╔══
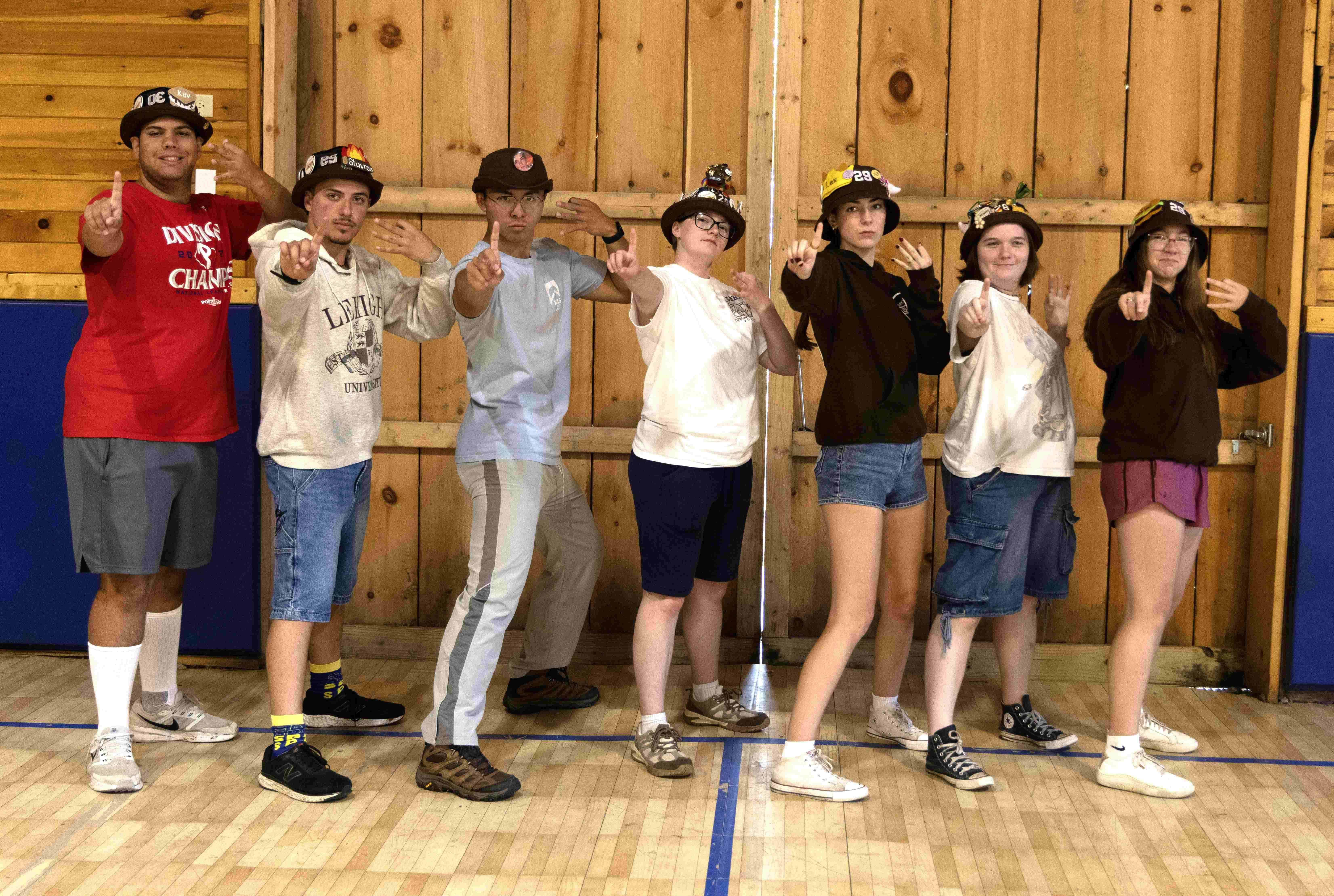 Rank 13 pretending to shoot an arrow, with one finger up and three fingers pulled back.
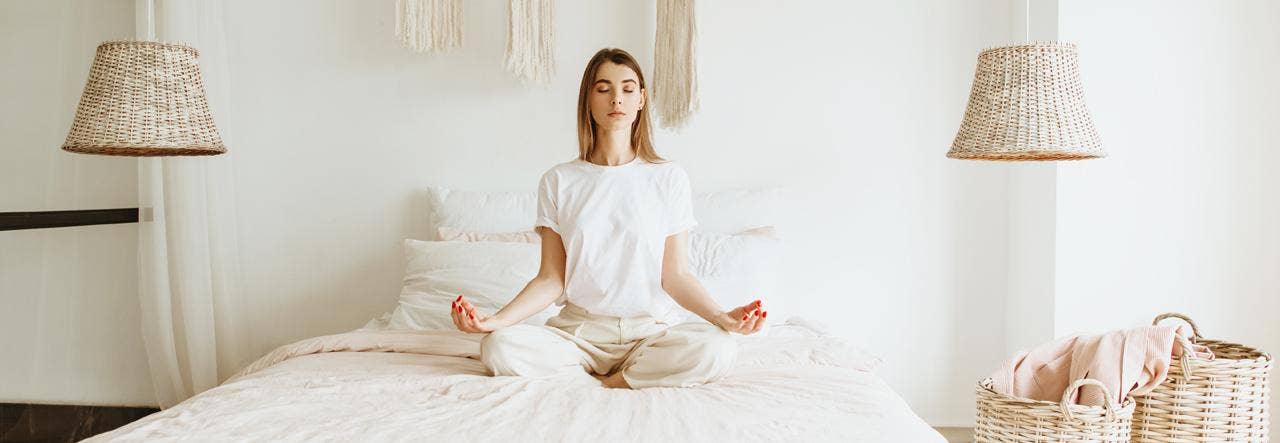 woman meditating on bed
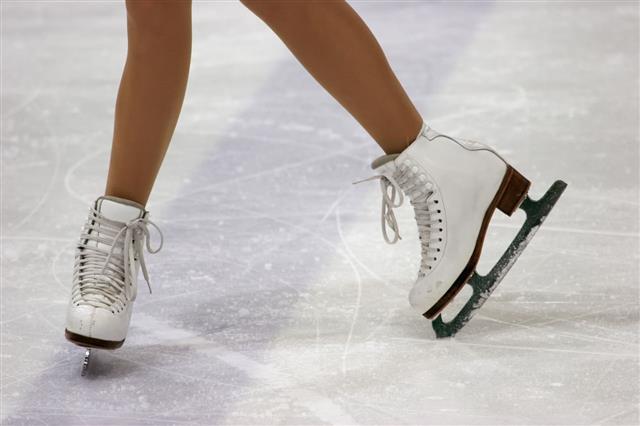 Close Up Of Figure Skaters Feet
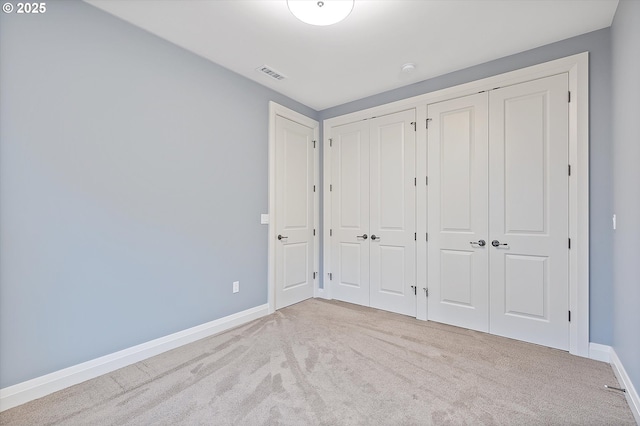 unfurnished bedroom featuring two closets, baseboards, visible vents, and carpet floors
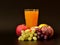 A tall, faceted glass of a mixture of fruit juices on a black background, next to a bunch of grapes, an apple, a peach, a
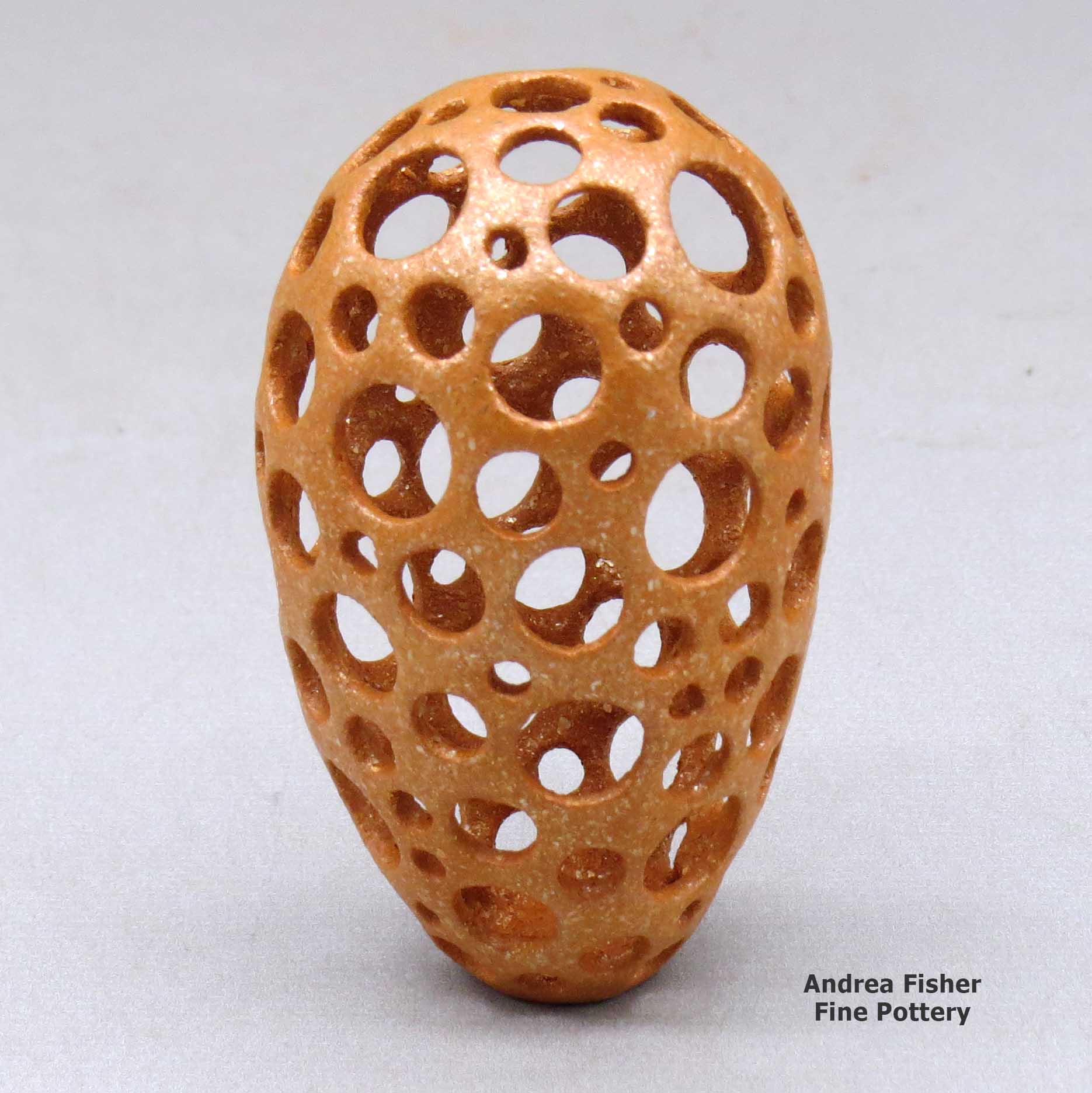 Click or tap to see a larger view A small golden micaceous holey pot made by Hubert Candelario of San Felipe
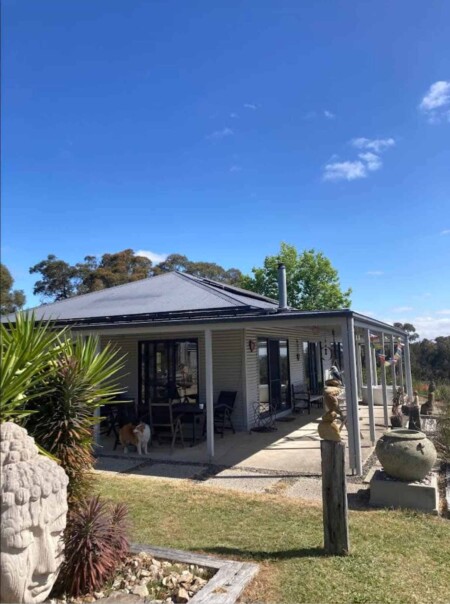 Rural home with rooftop solar panels and outdoor living area showing integrated off grid energy system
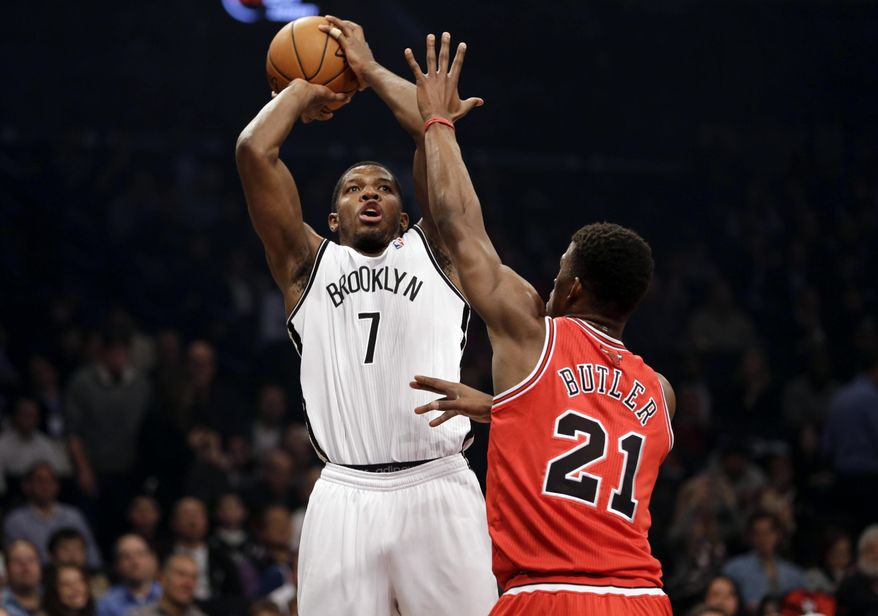 Brooklyn Nets' Joe Johnson, left, shoots over Chicago Bulls' Jimmy Butler during the first half of an NBA basketball game Monday, March 3, 2014, in New York. (AP Photo/Seth Wenig)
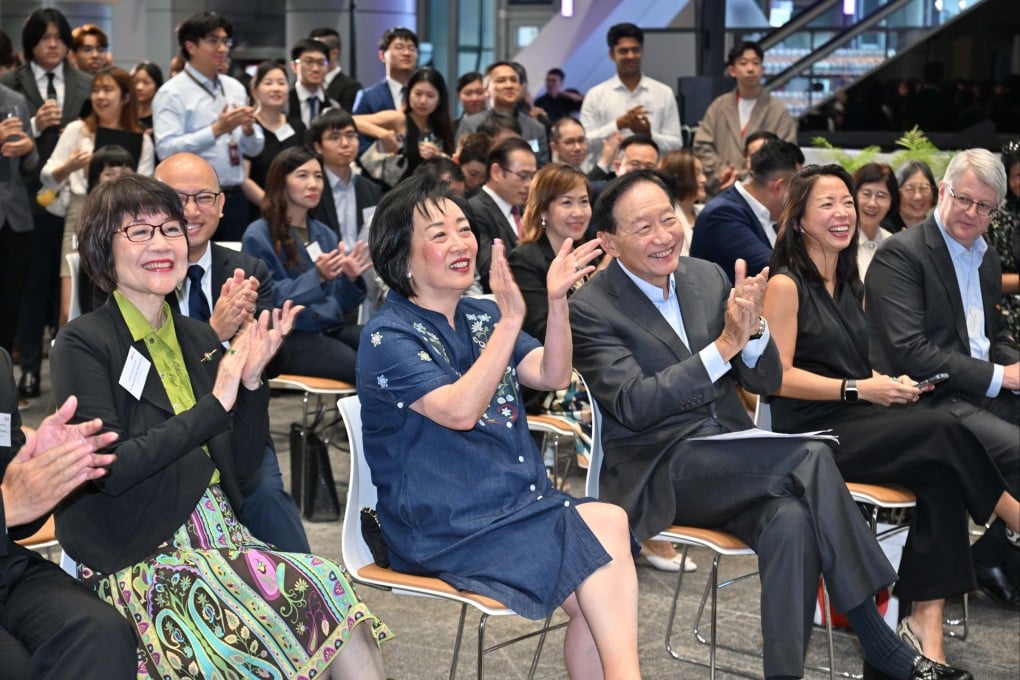 Peter Wong (right, centre), chairman of The Hongkong and Shanghai Banking Corporation (HSBC) and The Hongkong Bank Foundation, with Rosanna Wong (left, centre), a former member of the Legislative Council and Executive Council who received the HSBC Social Work Scholarship in the 1970s. Photo: HSBC
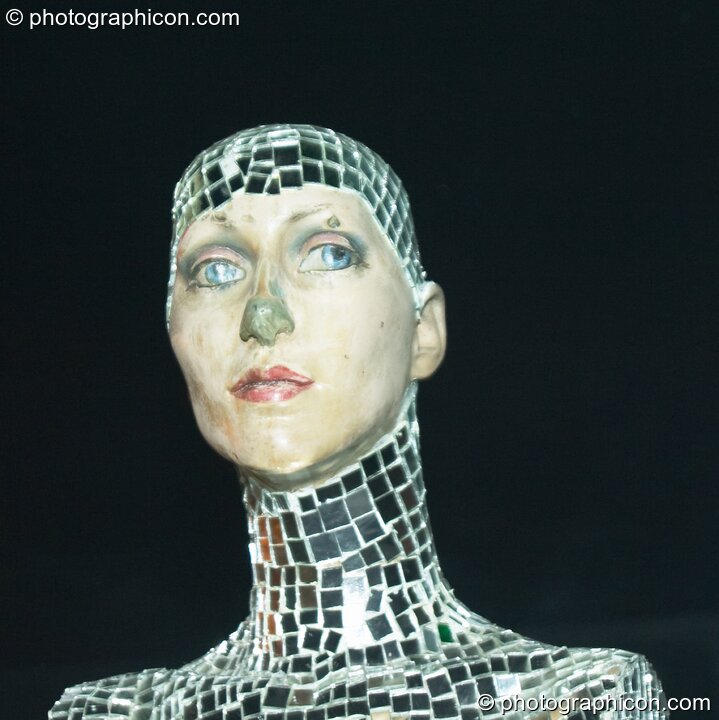 Manequin head covered in small mirror tiles in the Project Ozma space at the Synergy Project. London, United Kingdom. © 2004 Photographicon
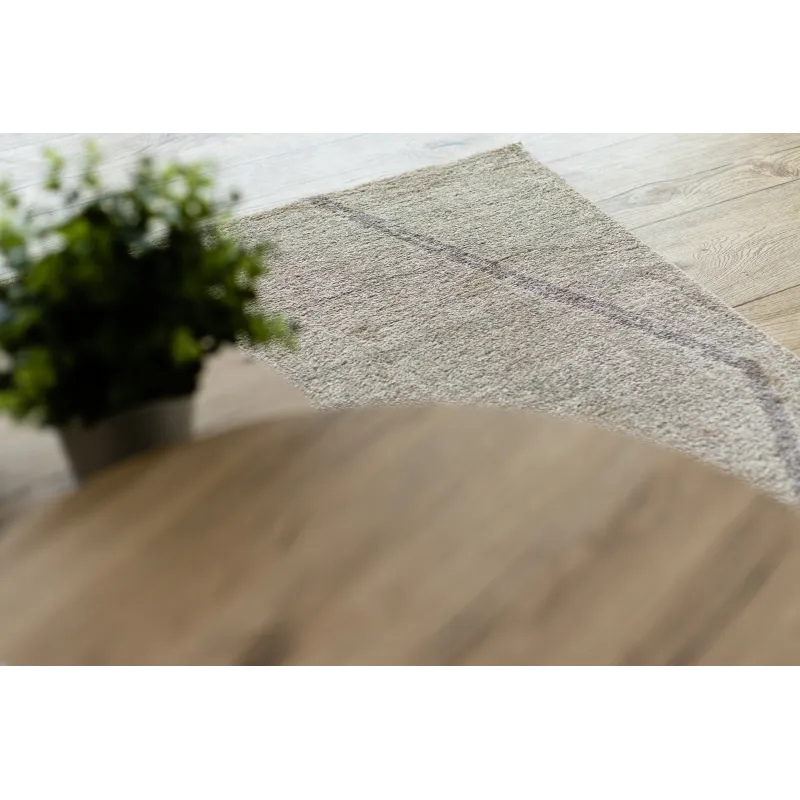 Alfombra crema con diseño étnico, ideal para interiores modernos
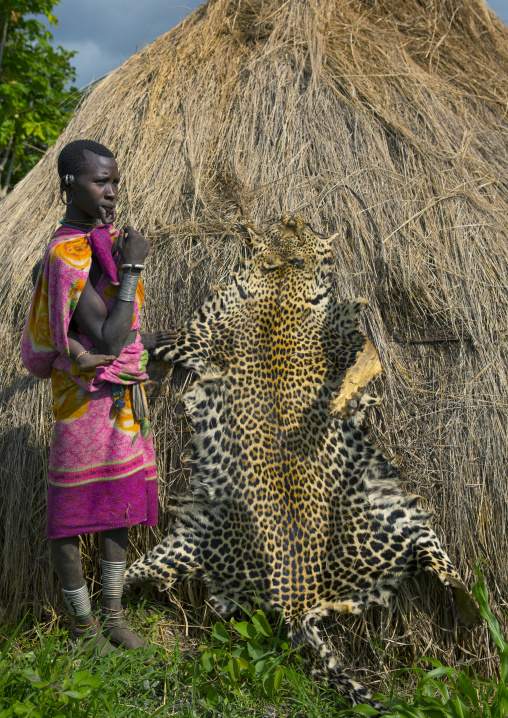 Suri woman posing near an animal skin, Tulgit, Omo valley, Ethiopia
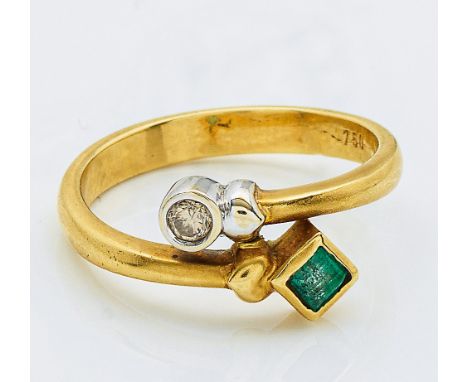 Gelbgold, gest. 750. Diagonal verlaufende Ringschiene, besetzt mit einem Brillanten von ca. 0,10 ct. und einem Smaragdcarrée 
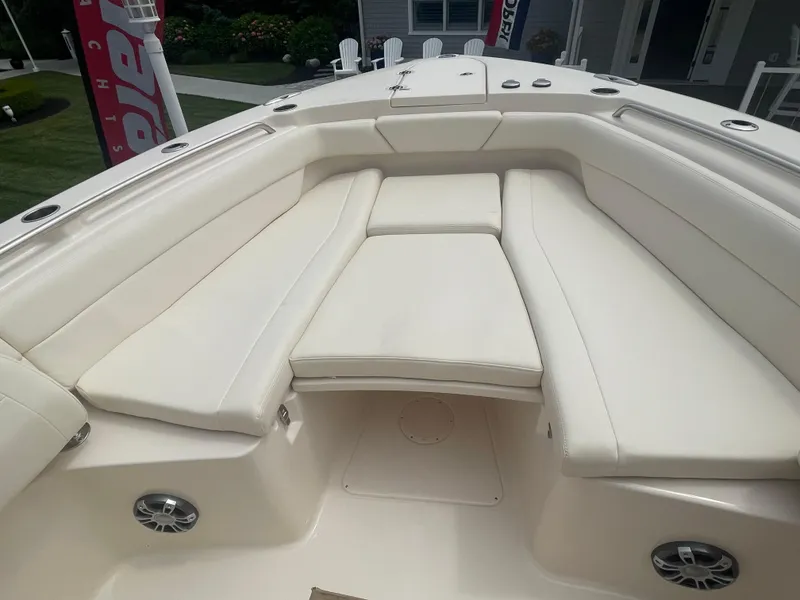 Slide: The Image of 2025 Grady-White Canyon 271 boat with spacious cushioned seating area. - 3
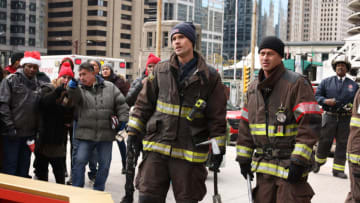 "Winterfest" Episode 1009 -- Pictured: (l-r) Brett Dalton at Jason Pelham, Taylor Kinney as Kelly Severide -- (Photo by: Adrian S. Burrows Sr./NBC)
╚══
### Problem statement
Take the material above and set it down exactly, minus the images.

### Response area
 Rank 13 pretending to shoot an arrow, with one finger up and three fingers pulled back.
 woman meditating on bed
 Close Up Of Figure Skaters Feet
 unfurnished bedroom featuring two closets, baseboards, visible vents, and carpet floors
 A tall, faceted glass of a mixture of fruit juices on a black background, next to a bunch of grapes, an apple, a peach, a
 Click or tap to see a larger view A small golden micaceous holey pot made by Hubert Candelario of San Felipe
 Rural home with rooftop solar panels and outdoor living area showing integrated off grid energy system
 Brooklyn Nets' Joe Johnson, left, shoots over Chicago Bulls' Jimmy Butler during the first half of an NBA basketball game Monday, March 3, 2014, in New York. (AP Photo/Seth Wenig)
 Peter Wong (right, centre), chairman of The Hongkong and Shanghai Banking Corporation (HSBC) and The Hongkong Bank Foundation, with Rosanna Wong (left, centre), a former member of the Legislative Council and Executive Council who received the HSBC Social Work Scholarship in the 1970s. Photo: HSBC
 Manequin head covered in small mirror tiles in the Project Ozma space at the Synergy Project. London, United Kingdom. © 2004 Photographicon
 Alfombra crema con diseño étnico, ideal para interiores modernos
 Suri woman posing near an animal skin, Tulgit, Omo valley, Ethiopia
 Gelbgold, gest. 750. Diagonal verlaufende Ringschiene, besetzt mit einem Brillanten von ca. 0,10 ct. und einem Smaragdcarrée 
 Slide: The Image of 2025 Grady-White Canyon 271 boat with spacious cushioned seating area. - 3
 "Winterfest" Episode 1009 -- Pictured: (l-r) Brett Dalton at Jason Pelham, Taylor Kinney as Kelly Severide -- (Photo by: Adrian S. Burrows Sr./NBC)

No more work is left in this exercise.